Canyon senior wide receiver Jack McKay (18), his late father, David, right, his mother, Susan, left, and sister, Charley, pose for a photo during Jack’s freshman season at Canyon. [Provided photo]
Last Friday evening was senior night for the Canyon Eagles football team.
The Eagles seniors playing their final regular season home game at Happy State Bank Stadium were dressed in full uniform and introduced before the game on the field with their mom, dad and siblings, smiling, waving and soaking in their moment in the sun.
Canyon senior wide receiver Jack McKay, easy to spot because of his 6-foot-3 height and bright smile, walked those 25 or so yards arm and arm with his mom, Susan McKay, on his left side and his sister, Charley McKay, on his right.
“Just a winner, that’s who Jack is,” says Canyon High 20-year veteran head football coach Blake Bryant, when asked about McKay. “And when I say winner, I could go off in so many different areas. Winner on the field, winner as a person, winner in life. We all know this football stuff is going to go away some day. So it’s who you are after football is all that matters. And he’s so special in that way.”
While walking with his mom and sister, Jack didn’t point a finger skyward. But his eyes briefly found the heavens above.
Because he knows.
He knows while most of his teammates had their dad walking next to them, his dad, Dave McKay, had a seat like no other looking down.

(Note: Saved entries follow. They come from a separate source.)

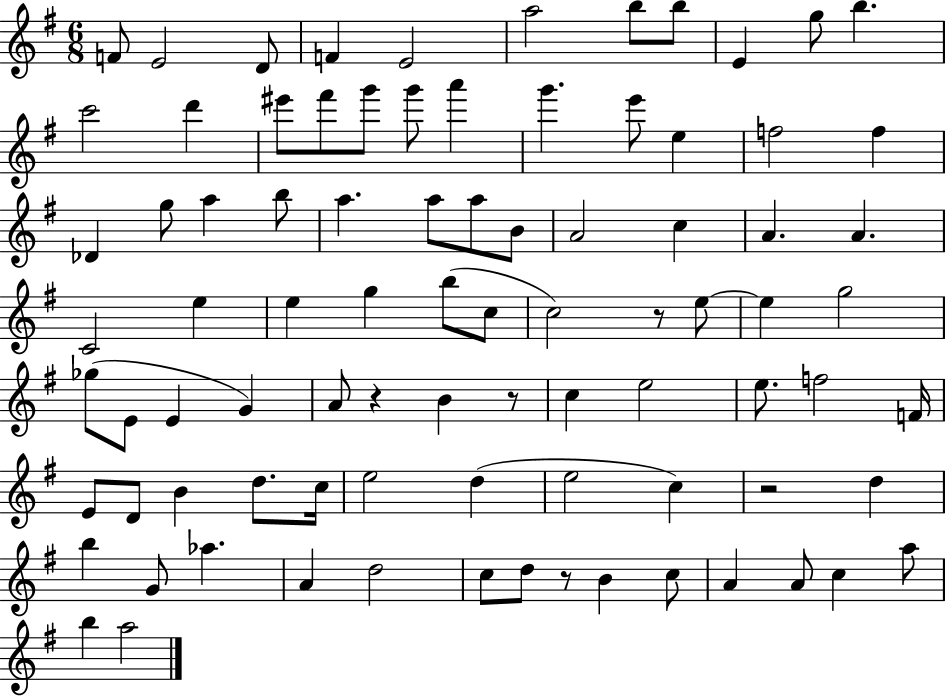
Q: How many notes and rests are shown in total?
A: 86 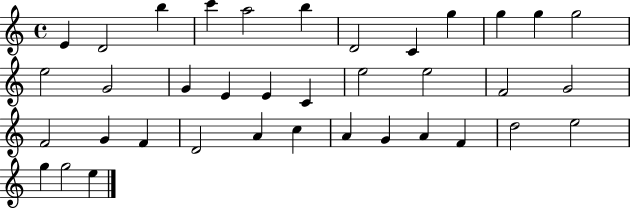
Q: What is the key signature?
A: C major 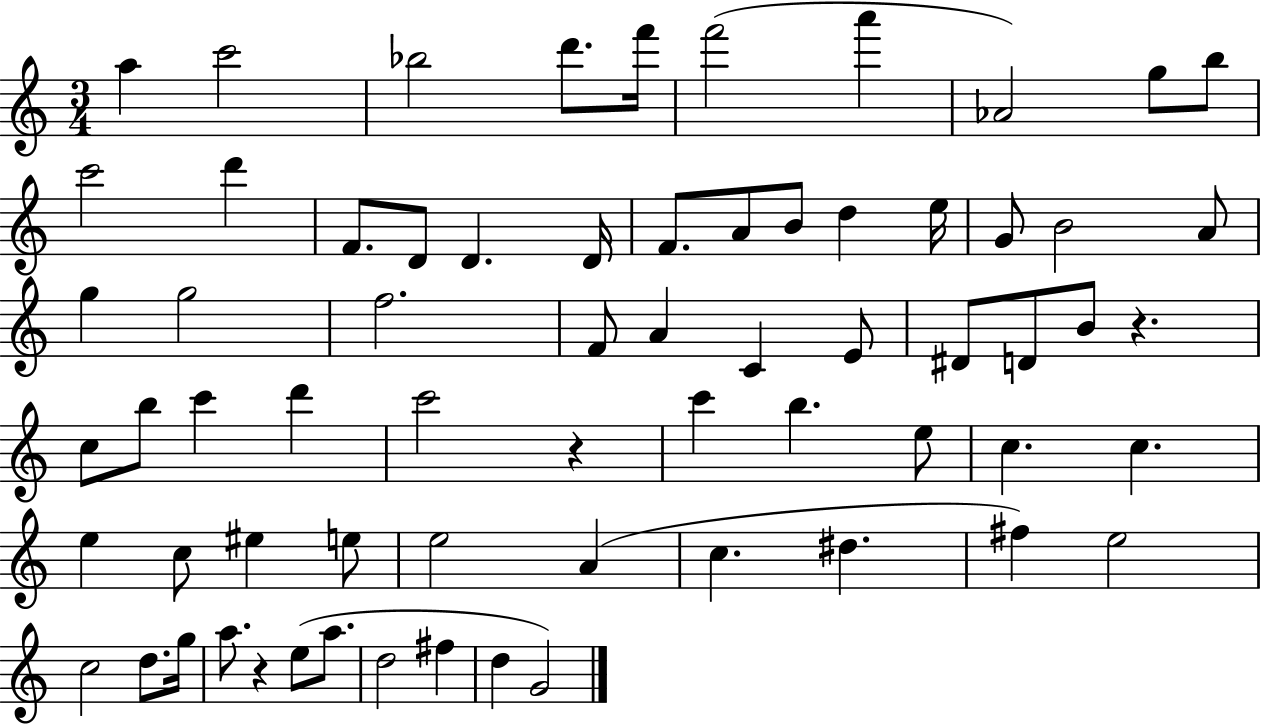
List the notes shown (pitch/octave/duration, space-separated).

A5/q C6/h Bb5/h D6/e. F6/s F6/h A6/q Ab4/h G5/e B5/e C6/h D6/q F4/e. D4/e D4/q. D4/s F4/e. A4/e B4/e D5/q E5/s G4/e B4/h A4/e G5/q G5/h F5/h. F4/e A4/q C4/q E4/e D#4/e D4/e B4/e R/q. C5/e B5/e C6/q D6/q C6/h R/q C6/q B5/q. E5/e C5/q. C5/q. E5/q C5/e EIS5/q E5/e E5/h A4/q C5/q. D#5/q. F#5/q E5/h C5/h D5/e. G5/s A5/e. R/q E5/e A5/e. D5/h F#5/q D5/q G4/h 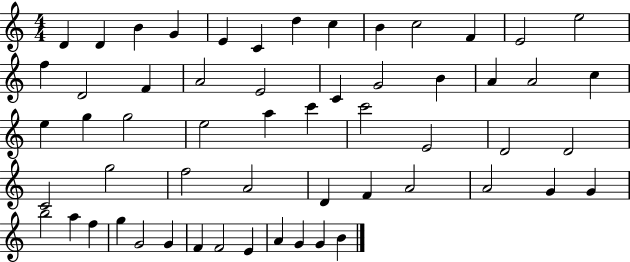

“I know he’s up there watching,” Jack said.
You see, long before Jack and the mom he loves and the sister he adores took those meaningful steps together last Friday, Jack has walked the steps of life few high school athletes experience, or would ever want to.
How can life be fair when your dad passes away during your freshman year of high school?
I mean, come on, high school is a time of learning Algebra that only three of you in your entire class will ever use again. High school days are a time for all kinds of laughing, of playing under those Friday Night Lights like no other place but Texas, of building lifelong friendships, of boys like Jack finding out if they have any game with the girls and learning how to treat that special girl with class.
Having to bury your dad?
That’s not in the book of How to Survive Your Freshman Year of High School.
Losing your dad simply leaves a young man in the key growing years of his life questioning his faith, wondering how the heck I’m going to handle this, and, most of all simply asking the question, is life fair?
Come on, and adding to all this this we aren’t talking about a jerk of a dad. This wasn’t a deadbeat dad. Jack’s dad was all-in, invested in his two children with his heart and time.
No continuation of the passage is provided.